Kaldi's is by no means the only pretender around Addis Ababa. The latest hotel to go up near the airport is a "Marriot," another knockoff: It uses only one "t" but it has the exact same typeface in its sign as the J.W. Marriott hotel chain. There is a 7-11 convenience store as well, which has no connection with the 7-Eleven stores on so many corners in America. The copycats are evidence of the financial success that many Ethiopians are attaining abroad and of the desire of many of them to invest some of their wealth back home.
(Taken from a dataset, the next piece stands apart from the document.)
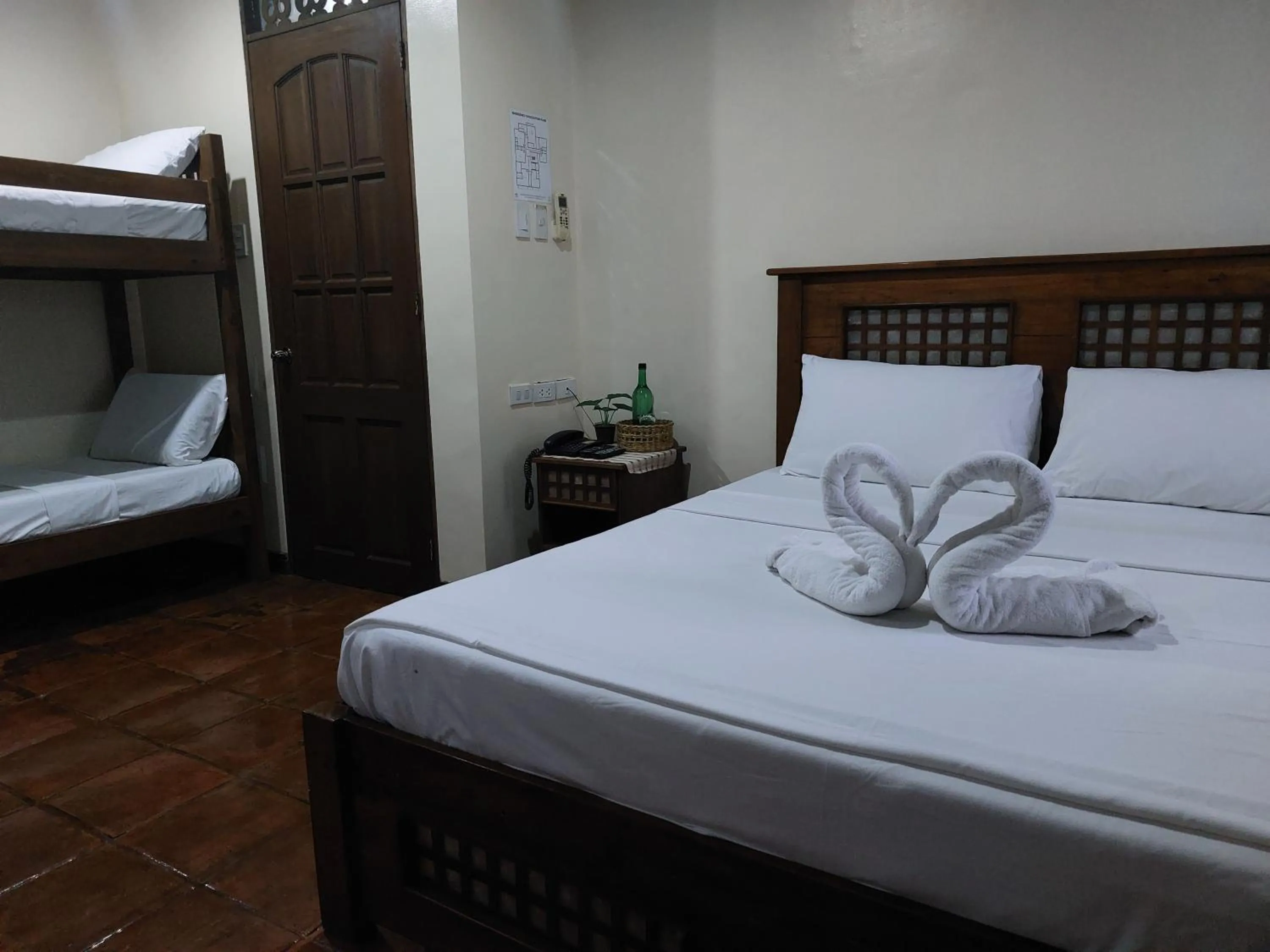 Bed in Makabata Guesthouse & Cafe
Officials at the Starbucks Coffee Company were not thrilled when they learned about Kaldi's. "Even where it may seem playful, this type of misappropriation of a company's name (and reputation) is both derivative and dilutive of their trademark rights," a company spokeswoman, Lara Wyss, said in an e-mail, adding that the company preferred to resolve such conflicts amicably.
The copycat café is not exactly cutting into the real Starbucks's profits, though Kaldi's is popular enough that it will soon open its second café. And Asrat has no fear of competition from the chain, which has left many "Out of Business" signs in its wake.
"They can't compete with me," she said bluntly.
She acknowledged that a large company like Starbucks could theoretically try to undercut her business with lower prices. But prices in Addis Ababa are already quite low. A Kaldi's short macchiato with a Starbucks-like chocolate muffin costs just 6.50 birr, which is less than a dollar and pricey by Ethiopian standards. A similar pick-me-up at a Starbucks in the United States or Europe would cost more than five times as much.
When it comes to knowing the ways of Ethiopia's finicky coffee consumers, Asrat clearly has a leg up on her rival. She points out that Ethiopians do not like to order their coffee from the counter, Starbucks style. She has a counter, complete with a Starbucks-like glass case for her baked goods, but her clients, by and large, sit down in their Starbucks-like chairs and issue orders to workers.
"Ethiopians like to be treated like a king when they come to a place like this," she explained. "They like to say, 'Waiter, a macchiato. Waiter, come back, warm this up. Waiter, how about a muffin now?"'
They also expect parking, something that is not to be found in the business plan of a typical Starbucks. Many Ethiopians, especially young hip ones, enjoy pulling up to a café and ordering directly from their car windows. At a Kaldi's rival called Le Parisienne there was far more car service than actual café service on a recent afternoon.
To prove her point about the importance of ample parking, Asrat motioned toward a cozy but nearly abandoned café across the street from Kaldi's. "They have good coffee but look at them," she said with pity in her voice. "There's no place to park." Her lot was full, with cars and waiters balancing trays of coffee and pastries. At the new store that she will open next month, there will be room for 200 cars, she said.
Traditionally, Ethiopians have taken their coffee at home, drinking slowly, with close friends and family. They have roasted the beans on the spot, part of an elaborate coffee ceremony that remains an important part of the culture, but that is not always practical for those on the move.
"Coffee is part of every Ethiopian's life," Asrat said. "We discuss life over coffee. We talk about our marriages. We have coffee ceremonies that go on and on."
Though she is busily injecting Ethiopian culture with a bit of America, Asrat has not lived in the United States. But her husband, a pilot for Ethiopian Airlines, has made regular trips there, frequently with her in tow.
She said she did not feel the least bit guilty about her imitation café. After all, legend has it that coffee itself originated in Ethiopia long ago when a goat herder named Kaldi noticed his goats prancing around with glee after eating some strange red berries. Yemen, just across the Red Sea, makes its own claim as the birthplace of coffee.
Whatever the case may be, one thing is clear: Coffee did not originate in Seattle, the birthplace of Starbucks.
Asrat has the history of Kaldi printed on the wall of her café, proudly touting the Ethiopian roots of her product. But even there Starbucks was the inspiration. Asrat acknowledges that she knew nothing about the legend of Kaldi until she read about him on the Starbucks Web site.